Fanning the Flames
Written by Idea File Staff
Practical Steps to Keep Momentum Going
Successful staffs look at the conclusion of their summer workshop as a beginning, not an end.
“They should have a mini-workshop, especially in the areas of theme and design, so everyone is on the same page on how the book is going to look this year,” said Mike Archer, Walsworth yearbook representative in Washington state. “If the other staffers don’t buy into the theme, and especially the work ethic of what it takes to put out a good yearbook, the whole process falls apart fast after the first deadline.”
Getting together is exactly what the yearbook staff does at Crystal Springs Uplands School in Hillsborough, Calif.
“We meet at school during the preweek of school, when the new students are learning the rules and ropes and have our own minicamp for the rest of the key staff,” adviser Paul Pruitt said.
For Melinda Thompson, yearbook adviser at Wapahani High School in Selma, Ind., it is as simple as grilling a few hot dogs.
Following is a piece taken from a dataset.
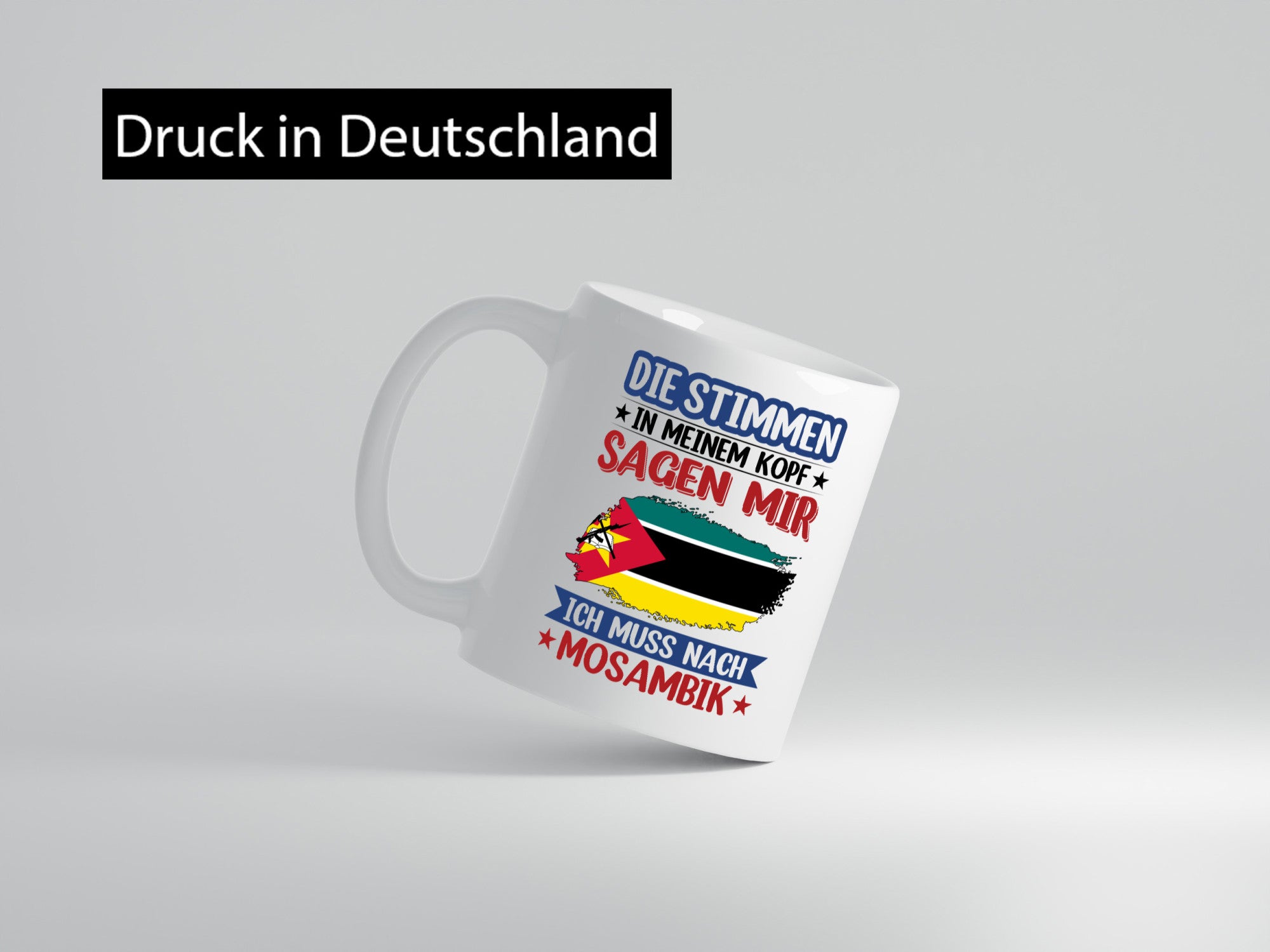 Mosambik | Urlaub Stimmen in meinem Kopf Traumland Humor Geschenkidee Tasse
“We had a back-to-school cookout at my house and shared ideas for the book there,” she said.
Although there are many ways to build on the momentum of a summer workshop, there is no substitute for sharing the vision and excitement.
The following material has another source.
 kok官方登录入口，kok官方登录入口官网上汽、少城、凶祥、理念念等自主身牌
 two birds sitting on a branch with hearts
“Hopefully, they are able to get a proof back of their cover by the first month of school,” said Nora Guiney, Walsworth yearbook representative in Michigan. “Seeing the cover usually is exciting to the students who did not attend. We encourage them to take the information and materials they received from the workshop and do a mini-workshop the first week of school with the rest of the staff.”